The first movement of Robert Schumann’s Piano Sonata number 2 (Op. 22) is labeled “So rasch wie möglich” (as fast as possible). Near the end of the movement, he writes “Schneller” (faster), followed shortly after by “Noch schneller” (even faster). It’s an exciting piece to listen to (I recommend this performance by pianist Tiffany Poon), but the performer can’t possibly take Schumann’s instructions literally. If he or she is going to speed up at the end, they have to pace themselves at the beginning.
I recently ran my first marathon: a socially distanced race in Richmond, Virginia. The evening before the race, I received the following advice from a friend via text: “Remember that the turtle won the race.” Remembering this advice as I ran helped me to pace myself and finish strong.
After urging his people to give to those in need, “every man [and woman] according to that which he [or she] hath,” King Benjamin added an important caution. “See that all these things are done in wisdom and order,” he said; “for it is not requisite that a man should run faster than he has strength.” Then he added, “It is expedient that he should be diligent, that thereby he might win the prize” (Mosiah 4:27).

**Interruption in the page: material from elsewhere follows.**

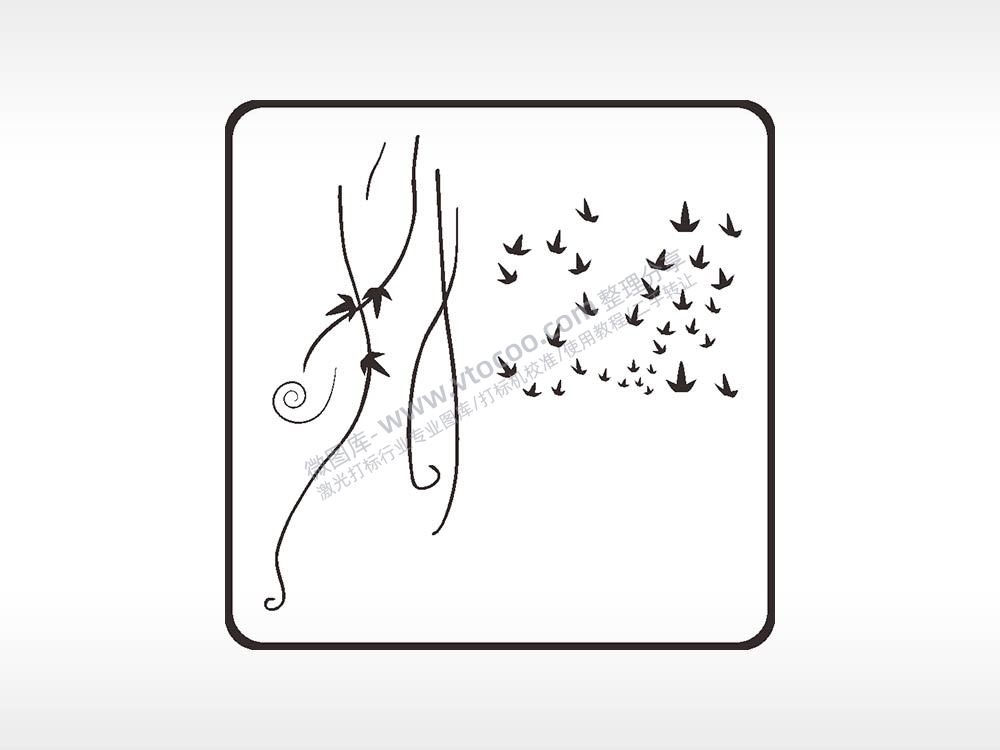 鸟柳线描画方形挂件激光雕刻AI8.0格式激光打标文件通用矢量图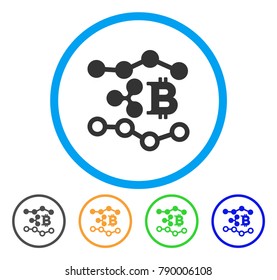 Ripple Bitcoin Trends rounded icon. Style is a flat grey symbol inside light blue circle with bonus color versions. Ripple Bitcoin Trends vector designed for web and software interfaces.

In April 1829, while Joseph Smith was translating the Book of Mormon, he received the same guidance from the Lord. “Do not run faster or labor more than you have strength and means provided to enable you to translate; but be diligent unto the end” (Doctrine and Covenants 10:4). For Joseph, the “means” included a scribe—Oliver Cowdery—who arrived at about that time to assist with the translation. The demands on his time and energy included not only the important work of translation but the work required to support himself and his wife, Emma. During that winter, he had dug a well, husked corn, threshed grain, and tapped maple trees to produce syrup and sugar for sale. (See Joseph and Emma Smith’s Home on history.churchofjesuschrist.org.) He may have wished that he could devote all of his time and attention to the work he had been given by an angel of God, but that was simply not possible.
Elder M. Russell Ballard offered a caution to those who are enthusiastic about church service:
Occasionally we find some who become so energetic in their Church service that their lives become unbalanced. They start believing that the programs they administer are more important than the people they serve. They complicate their service with needless frills and embellishments that occupy too much time, cost too much money, and sap too much energy. They refuse to delegate or to allow others to grow in their respective responsibilities.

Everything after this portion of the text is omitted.